The embryonic grasshopper contains large mesodermal cells known as muscle pioneers with morphologies similar to the DV cell (Ho et al. 1983). Muscle pioneers apparently function as a scaffold for organizing specific muscles and as axonal guidance cues for outgrowing motor neurons which normally innervate those muscles. It is possible that the DV cell may function as a muscle pioneer in the embryonic leech for a number of reasons. (1) The DV cell is probably of mesodermal origin since the Lan 3–14 monoclonal antibody, which recognizes leech muscles (Zipser & McKay, 1981; Stuart, Thompson, Weisblat & Kramer, 1982), recognizes the DV cell (unpublished results). (2) It occupies the location where the dorsoventral flattener muscles will develop and covers and demarcates a column of cells some of which may develop into the flattener muscles. (3) It may serve as an axonal guidance cue for the pioneering PD growth cone and the DP nerve. Growth cone guidance by mesodermal derivatives both in the CNS and periphery has been previously suggested in the embryonic leech (Kuwada, 1982; Kuwada & Kramer, 1983; Kramer & Kuwada, 1983). This suggestion awaits experimental confirmation, and the large and conspicuous nature of the DV cell makes it attractive for future manipulations.

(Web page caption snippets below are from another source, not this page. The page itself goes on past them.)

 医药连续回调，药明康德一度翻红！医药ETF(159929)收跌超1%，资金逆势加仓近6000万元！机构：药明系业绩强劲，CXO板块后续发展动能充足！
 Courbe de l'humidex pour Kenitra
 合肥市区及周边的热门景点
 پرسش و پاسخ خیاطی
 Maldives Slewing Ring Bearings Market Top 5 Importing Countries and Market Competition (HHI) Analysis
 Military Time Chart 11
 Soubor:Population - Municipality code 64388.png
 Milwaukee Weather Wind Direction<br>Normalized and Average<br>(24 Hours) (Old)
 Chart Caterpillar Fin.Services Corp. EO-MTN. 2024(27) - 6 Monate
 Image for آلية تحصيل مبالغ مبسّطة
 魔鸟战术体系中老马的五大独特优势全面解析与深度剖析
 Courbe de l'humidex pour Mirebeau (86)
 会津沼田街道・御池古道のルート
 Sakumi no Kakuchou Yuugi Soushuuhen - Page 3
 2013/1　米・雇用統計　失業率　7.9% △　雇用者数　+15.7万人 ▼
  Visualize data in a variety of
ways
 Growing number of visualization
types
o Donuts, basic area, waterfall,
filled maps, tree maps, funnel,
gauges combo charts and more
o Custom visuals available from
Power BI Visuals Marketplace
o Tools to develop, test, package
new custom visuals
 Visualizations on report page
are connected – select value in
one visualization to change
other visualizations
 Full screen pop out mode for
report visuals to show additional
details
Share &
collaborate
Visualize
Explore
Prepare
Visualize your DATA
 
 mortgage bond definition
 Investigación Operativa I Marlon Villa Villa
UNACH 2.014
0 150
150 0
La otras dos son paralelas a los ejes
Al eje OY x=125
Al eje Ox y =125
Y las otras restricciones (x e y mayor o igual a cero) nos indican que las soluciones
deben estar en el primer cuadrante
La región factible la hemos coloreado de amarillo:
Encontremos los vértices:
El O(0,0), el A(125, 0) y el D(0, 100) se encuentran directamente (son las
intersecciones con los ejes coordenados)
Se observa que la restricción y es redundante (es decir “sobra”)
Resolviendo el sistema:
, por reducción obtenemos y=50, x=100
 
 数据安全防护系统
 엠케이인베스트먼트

This research was supported by NSF (SPI80–09177) and NIH (NS 06551) postdoctoral fellowships to the author and a NSF research grant (BNS 79–23459) to W. B. Kristan, Jr. I thank M. Bastiani and W. B. Kristan, Jr. for critically reading the manuscript and F. Thomas for help with some of the EM micrographs. I am especially indebted to M. Bastiani for his expert help with the electron microscopy.